Bataysk Historical Museum
- Established: 22 April 1979
- Location: 51a Kirov Street, Bataysk, Rostov oblast, Russia
- Coordinates: 47°08′16″N 39°44′33″E﻿ / ﻿47.13780°N 39.74244°E
- Director: Zaburdyaeva Lyudmila Nikolaevna
- Website: "музейбатайска.рф". Archived from the original on 2017-02-02.

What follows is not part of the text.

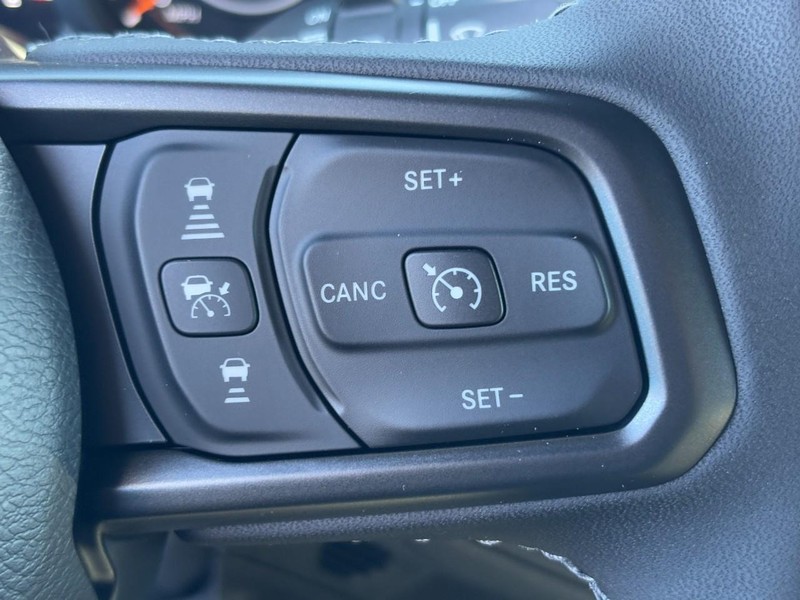 Jeep Wrangler Vehicle Full-screen Gallery Image 13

= Bataysk Museum of History =

Museum in Bataysk, Rostov, Russia

The Bataysk Museum of History (Russian: Батайский музей истории) is a historical museum in Bataysk, Rostov Oblast, Russia. The modern building of the museum is located in culture and recreation park of the city in the Kirov street, 51a.

== History ==
The first museum in Bataysk was opened in 1966 and was in a local cinema. Its original name was "The Museum of Revolutionary, military and Labor fame" It was located in only two rooms and its fund had only about 400 exhibits. The modern building of the museum was erected in 1979. The opening took place on 22 April of the same year.

The museum was named since 1993. At the moment its exhibition area is 430 square meters.

== Expositions of the museum ==
The contemporary museum exposition features are the town history, ethnography, and archeology. The museum has about 9 thousand original documents dedicated to the history of Bataysk.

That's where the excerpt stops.